Brief descriptive captions
- Opening Delimiter -
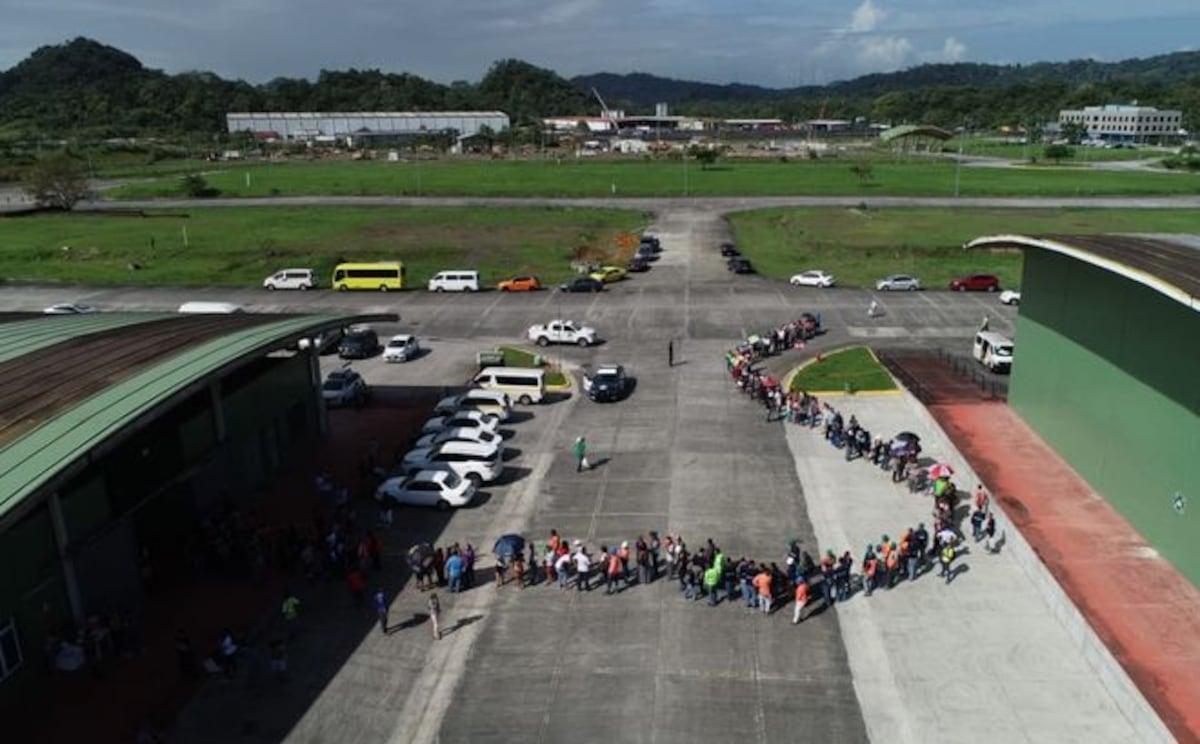 Unos 37 mil jamones se vendieron en el  primer día de la  NaviFerias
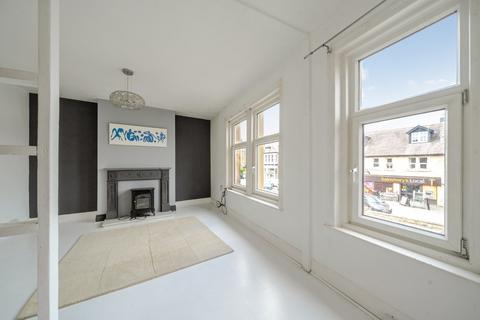 undefined, Kings Road, Harrogate, North Yorkshire, HG1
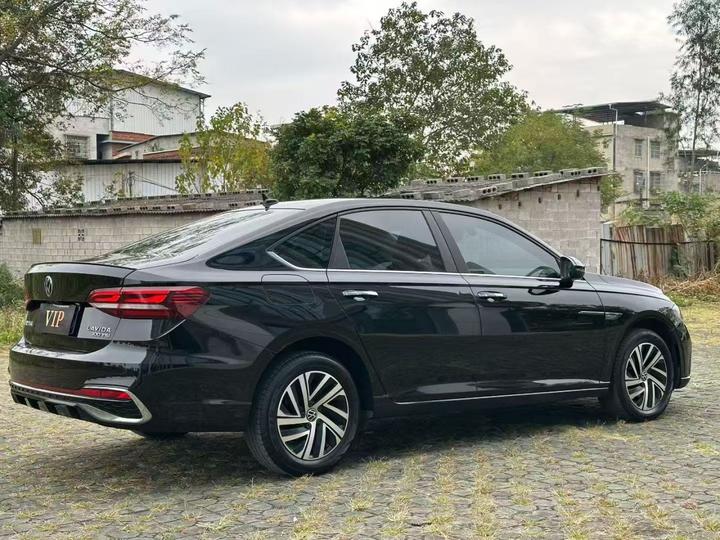 Lavida 2023 300TSI DSG photo 4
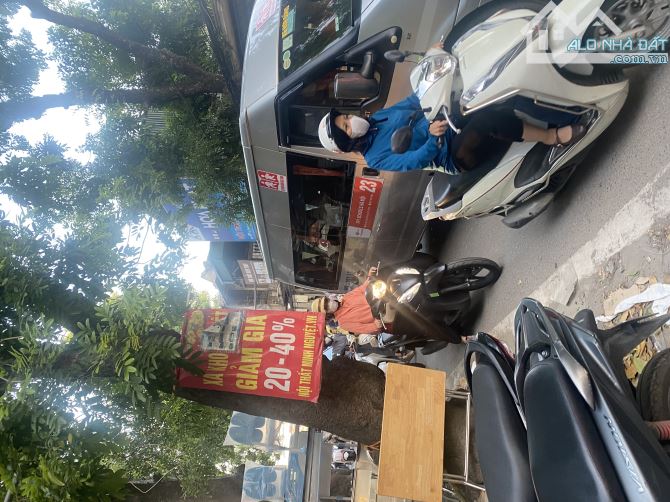 Bán nhà mặt phố Đê La Thành 39m2 mặt phố ô tô tránh vỉa hè rộng kinh doanh sầm uất 13.2 tỷ - 2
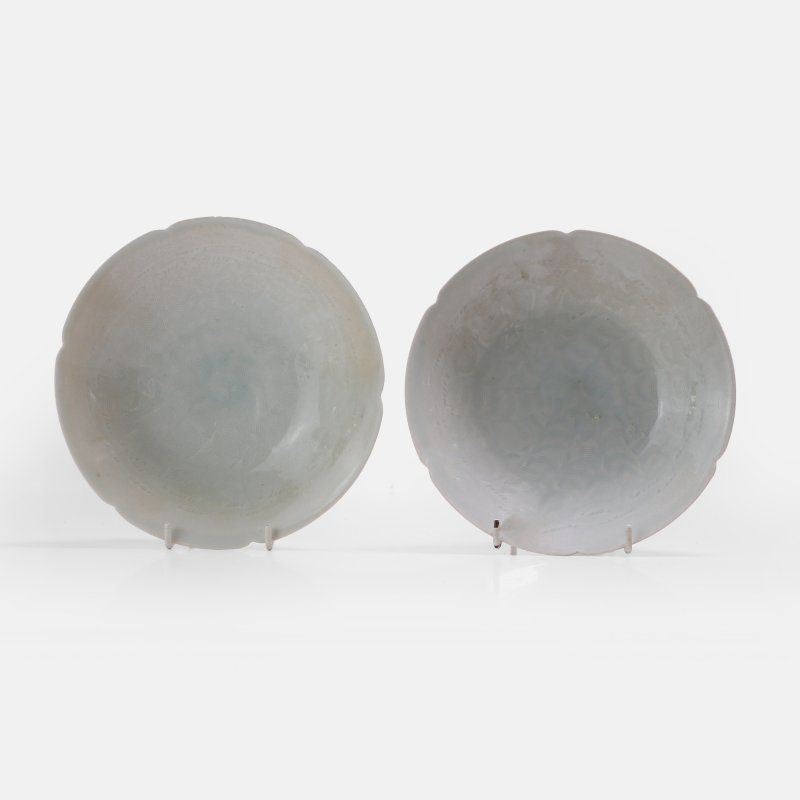 南宋 青白釉水波纹花口碗 一组两件 | Two Chinese qingbai-glazed bowls Southern Song dynasty (1127-1279), each of lobed shallow form - 图3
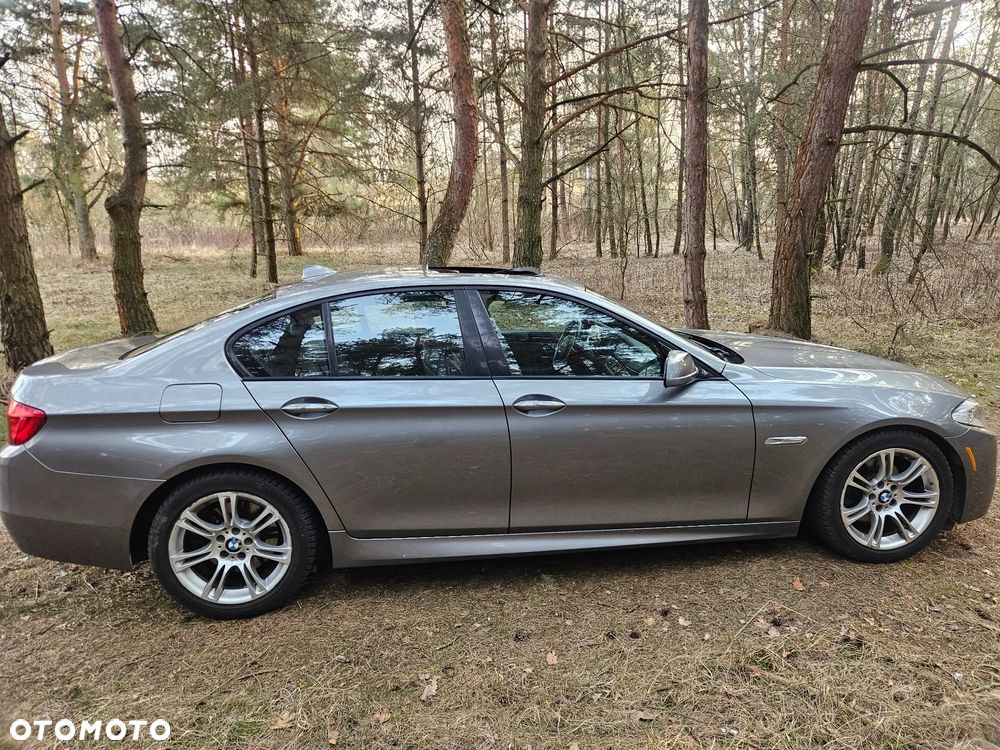 BMW Seria 5 528i xDrive - 9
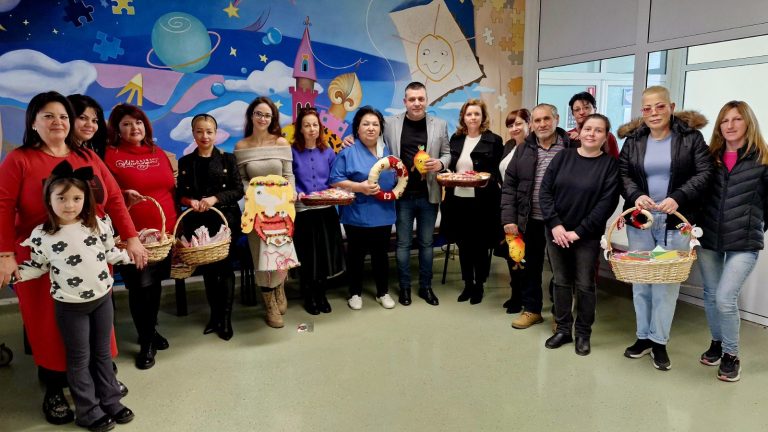 Деца, ученици и студенти дариха ръчно изработени мартенички на Клиниките по детска хирургия и педиатрия към УМБАЛ „Свети Георги“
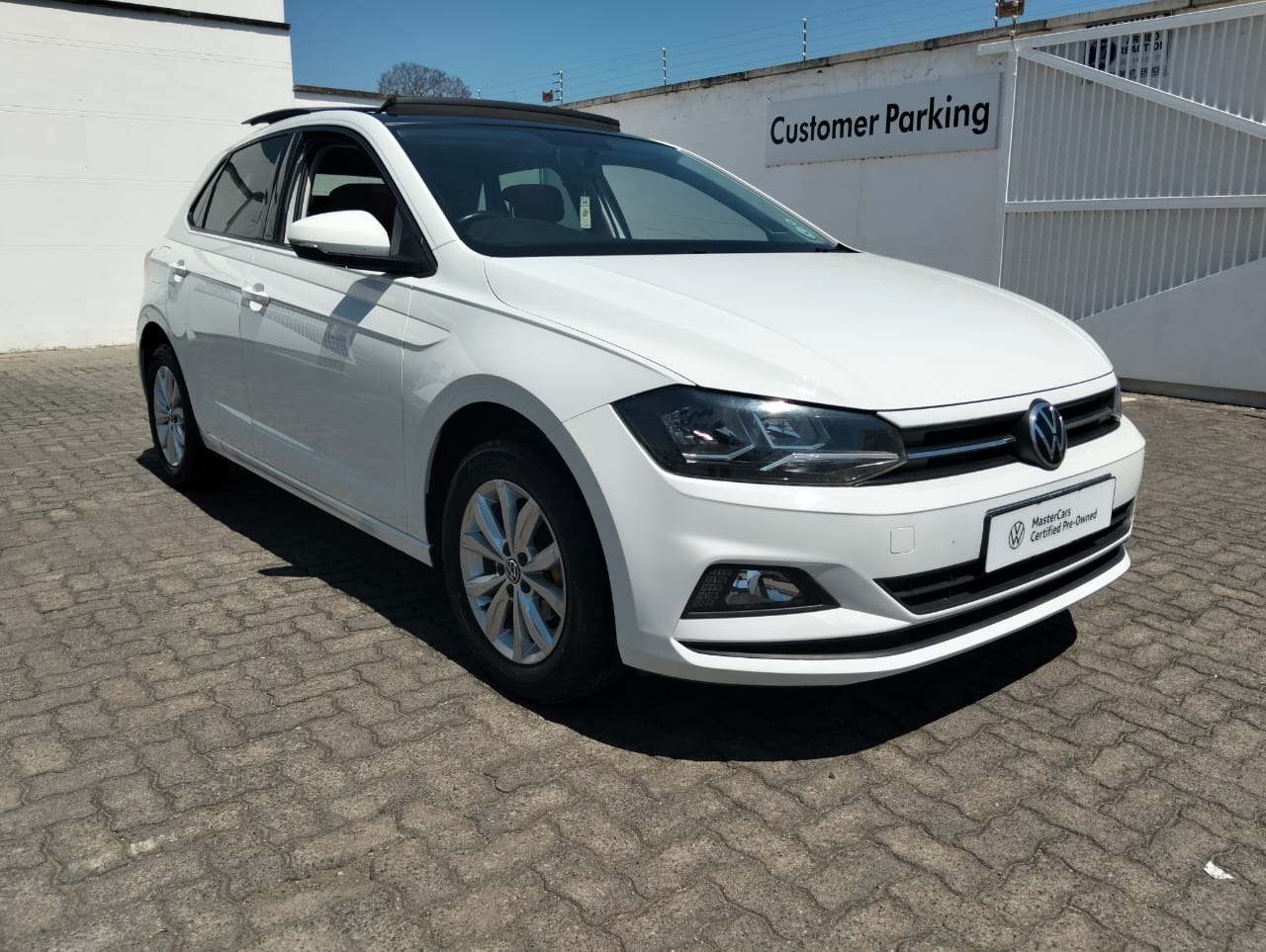 VOLKSWAGEN POLO 1.0 TSI COMFORTLINE for Sale in South Africa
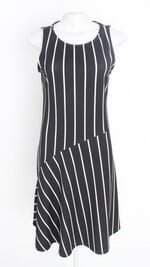 Vestido C&A feminino preto listrado 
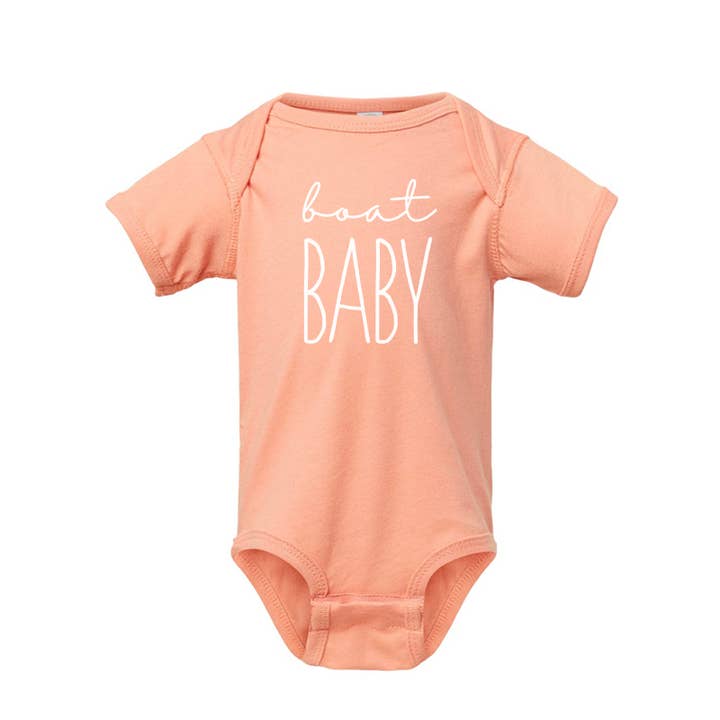 Boat Baby Bodysuit til spædbørn. Lake Wear. Solnedgang. for engroshandel hos Up North Boutique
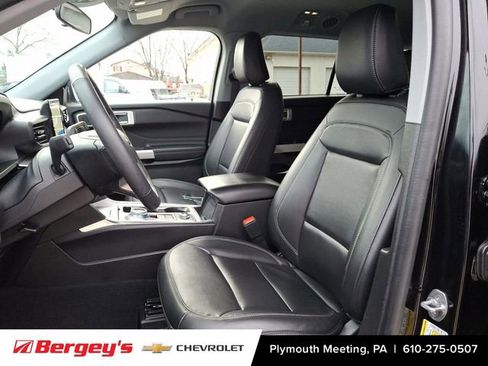 Used 2023 Ford Explorer XLT w/ Equipment Group 202A image 17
- Closing Delimiter -
▶ **WORK TO BE COMPLETED**:
Without the pictures, write out the lines from the beginning of the entries through the line with "Vestido C&A feminino preto listrado".

▶ **TASK ANSWER**:
 Unos 37 mil jamones se vendieron en el  primer día de la  NaviFerias
 undefined, Kings Road, Harrogate, North Yorkshire, HG1
 Lavida 2023 300TSI DSG photo 4
 Bán nhà mặt phố Đê La Thành 39m2 mặt phố ô tô tránh vỉa hè rộng kinh doanh sầm uất 13.2 tỷ - 2
 南宋 青白釉水波纹花口碗 一组两件 | Two Chinese qingbai-glazed bowls Southern Song dynasty (1127-1279), each of lobed shallow form - 图3
 BMW Seria 5 528i xDrive - 9
 Деца, ученици и студенти дариха ръчно изработени мартенички на Клиниките по детска хирургия и педиатрия към УМБАЛ „Свети Георги“
 VOLKSWAGEN POLO 1.0 TSI COMFORTLINE for Sale in South Africa
 Vestido C&A feminino preto listrado 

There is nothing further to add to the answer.